In response, Gloucestershire County Council said the Resource Futures report was one of many surveys carried out periodically to give an insight into recycling trends and was not supposed to be used as a basis for drawing broader conclusions.

The authority said the report was not an analysis of Gloucestershire's household rubbish as a whole but a snapshot of certain areas - Gloucester City, Cotswold District and Tewkesbury Borough - at a particular point in time.

Stan Waddington, GCC's cabinet champion for waste, said: "This report is a small one-off sample and it is not meant to be a basis for drawing broader conclusions.

"However, we strongly agree that there needs to be much more recycling in Gloucestershire.

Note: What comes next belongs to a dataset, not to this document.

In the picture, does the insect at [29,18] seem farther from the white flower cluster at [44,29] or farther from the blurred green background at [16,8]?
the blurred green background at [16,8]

The Javelin Park facility is based on Gloucestershire achieving 70 per cent recycling.

"To do that, 90 per cent of families in the county will have to recycle 100 per cent of rubbish that can be recycled.

"We know that's a very challenging target - but we think it is right to recycle as much rubbish as possible - and then recover energy from the rest."

 

Analysis

RESOURCE Futures was commissioned by the county council to analyse the content of black bag rubbish from three local authorities - Gloucester City Council, Cotswold District Council and Tewkesbury Borough Council.

Their confidential report, which was obtained following a FOI request, shows that the vast majority of waste in these black sacks (67 per cent) is recyclable, reusable or compostable - yet this is precisely the waste which will be sent to the Javelin Park incinerator to be burnt.

Although, Resource Futures only looked at three councils in the county, it is fair to assume that a similar proportion of the waste in black bags collected by other local authorities in Gloucestershire is also recoverable.

The Javelin Park incinerator is being built by GCC to process the county's residual waste - the black bag rubbish left over after residents have sorted their waste at the kerbside.

But, the Resource Futures report starkly illustrates that roadside recycling schemes fail to capture all recoverable waste and that an overwhelming majority of the waste found in the county's black bags and destined for the incinerator is still likely to be recyclable, reusable or compostable.

If given the go-ahead, the Javelin Park incinerator will process 190,000 tonnes of residual waste per annum over the duration of a 25-year contract.

However, the EU is proposing to ban the incineration of recyclable and compostable material by 2020.

If this material accounts for 67 per cent of the waste earmarked for the Javelin Park incinerator (127,300 tonnes per annum), as appears, it is difficult to see how the case for such a large facility stacks up.

CORRECTION: In today's SNJ, it says that 77.6 per cent of the residual waste collected by Gloucestershire County Council is recyclable, biodegradable or compostable. This statistic refers to Gloucester City Council, not Gloucestershire County Council, as reported. This mistake has been corrected in the version above.